Taxes are probably the last thing you’ll want to think about after getting married, considering everything else that’s piling up on your plate. Starting a new life with your spouse incurs many lifestyle changes, and you may feel either overwhelmed or empowered by everything that’s going on. You’re no longer flying solo. You and your companion will be sharing almost everything in your lives from here on, and that includes the good as well as the bad, for better or worse as they say. When it does come time to do your taxes, you’ll want to be prepared for changes in this part of your life as well.
There are two options for married couples filing their taxes. You and your companion can file jointly or choose a separate filing status. There are, of course, positive and potentially negative consequences tied to either choice, and it is important to understand these consequences when making your decision.
One of the main concerns for married couples is the tax history of each party involved. If you and your spouse file jointly as a married couple, your individual liabilities become shared liabilities.

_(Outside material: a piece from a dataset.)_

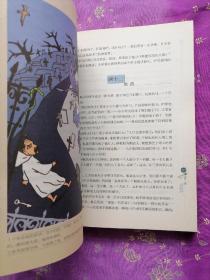 查拉斯图拉如是说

The most common reason for married couples to file separately is a history of tax misdeeds including any underpayments, back taxes, or debts and penalties to the IRS. When one individual has a clean tax history compared to their spouse’s messy record, it is often the most prudent choice to file separately until these issues have been resolved. Should you choose to file jointly, you become legally responsible for one another’s finances. Consider how this will impact your financial situation.
On the other hand, there are several benefits to filing jointly if you and your partner feel secure enough in each other’s financial practices to take the leap. Joint filing is simpler because there is only one tax return to file. There is no need to figure out the division of income, assets, expenses and deductions. Everything gets lumped into the same pile. This is often the cheaper way to file as well, because married couples filing jointly are eligible for tax breaks and credits to which unmarried couples and separate filers are not privy.
Due to technicalities in the tax procedure, some couples end up paying more through joint filing than they would pay as individuals. This is known as the marriage penalty, and comes about if you and your spouse have nearly equal income levels that combine to a total of over $137,300. Income over this level is subject to increased tax rates, resulting in higher payments. In arrangements where one spouse can claim the majority of taxable income in the relationship, this penalty is usually avoided.
Educate yourself on these issues as much as possible before filing your first tax return as a married couple. The world of taxes is complicated and intimidating, but by knowing and playing by the rules you can make the best of it for you and your spouse.